What if I have multiple datasets, do I need to combine them before training?

No, the aai dataset train command will combine any input datasets provided they are in zip format. You can also merge datasets using aai dataset merge if you would like a consolidated input file, however the aai dataset train does this automatically.

How much input data do I need?

Approximately 300 images per label at a minimum is recommended, however more data will almost surely produce better results. See the Data Capture Guidelines document for more details.


Do I need to annotate all objects in an image?

No, however you should be careful to not include too many images containing objects of interest without annotations, and you should be mindful of what other objects are in your images. For more details on data collection and annotation, please refer to our blogs on these subjects.

How much of an object needs to be showing before I annotate it?

In general, about 20% of the image should be present to annotate it. Additionally, if more than 20% of the image is covered, you can mark the annotation as ‘truncated’.


What are the commands that are required for training?

The basic syntax for training is:

$ aai dataset train <dataset1.zip> <dataset2.zip> --labels <label1> <label2> --numSteps <integer> --batchSize <integer> --id <username>/<modelname>

An example usage is

$ aai dataset train resized_dataset_sample_592.zip --labels vehicle license_plate --numSteps 2000 --batchSize 4 --id user1/test_592 

Note: You can train on as many datasets as you’d like, as long as the aggregate file size is < 2GB.

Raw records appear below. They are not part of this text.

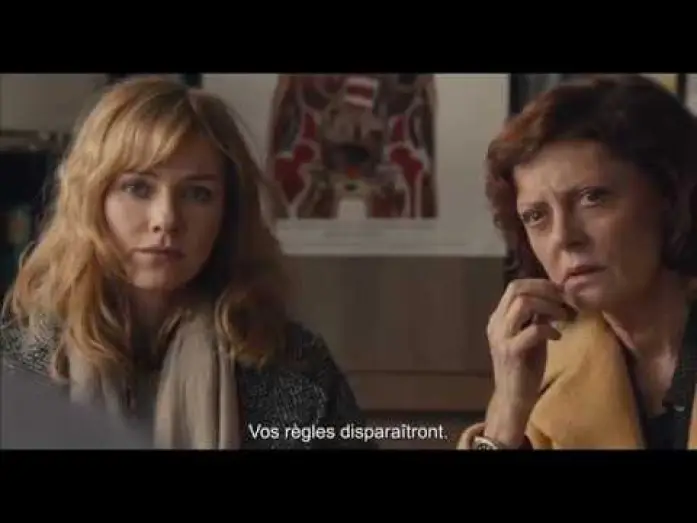 Видео к фильму Три поколения — ABOUT RAY Bande-annonce VOST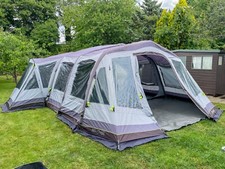 Outwell Vermont 7SA family tent - huge tent, well looked after, well loved. 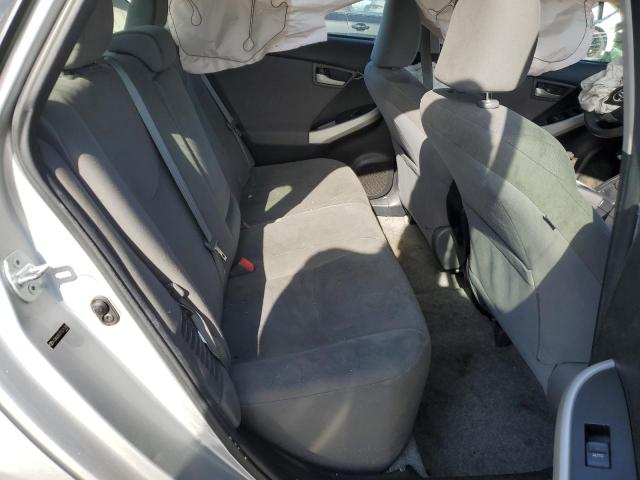 Photo 10 from auction – 2012 TOYOTA PRIUS with VIN JTDKN3DU2C5375789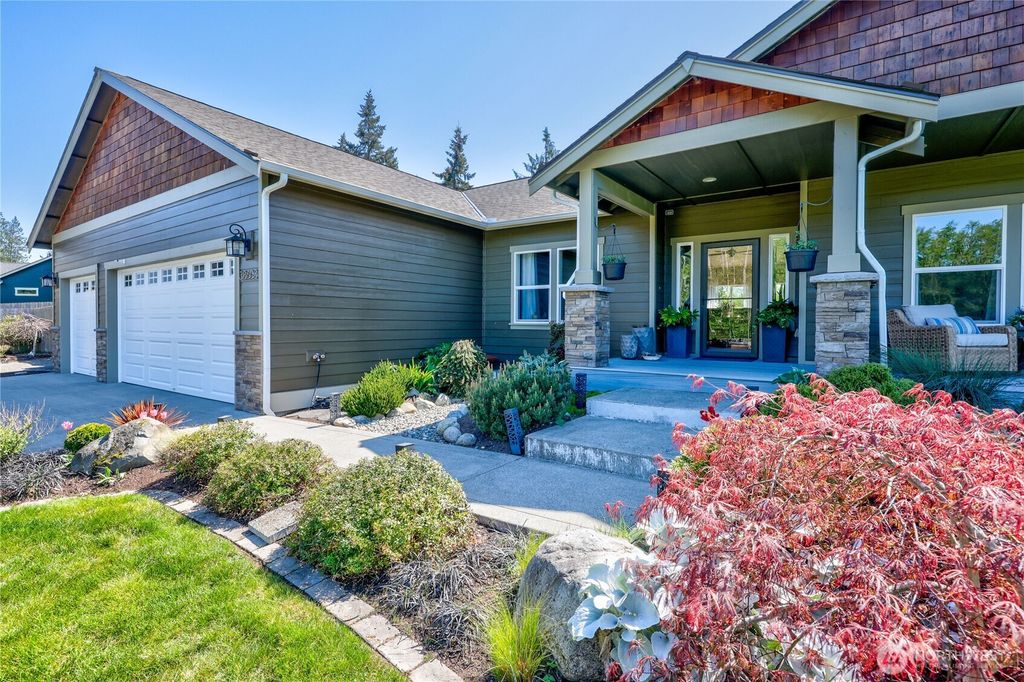 Photo of 38603 Benchmark Avenue NE, Hansville, WA 98340 (MLS # 2516929)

What are optional flags for training?

The optional flags include:

  • --jupyter switches training from CLI to using Jupyter Notebook.

  • --trainValRatio sets the train-validation ratio split. The default is 0.7.

  • --continue-from-version enables you to pick up training from a previous session.

What does the --batchSize flag specify?

The --batchSize flag specifies how many images that the model is trained on per step. This value will be dependent on how much memory you have available. Smaller batch sizes typically take less time per step, but you will need more steps to train your model sufficiently (see numSteps FAQ for details).

What does the --numSteps flag specify?

The --numSteps flag is the number of steps to run for that iteration of training. If you use the --continue-from-version flag, this number will be the total number of steps you want your model to have been trained on. In other words, the total number of steps will be equal to the previous total plus the number you want to train on in the current iteration, so if you previously trained for 100 steps and you want to train an additional 100, you would use

$ ... --numSteps 200 ...

What does the --trainValRation flag specify?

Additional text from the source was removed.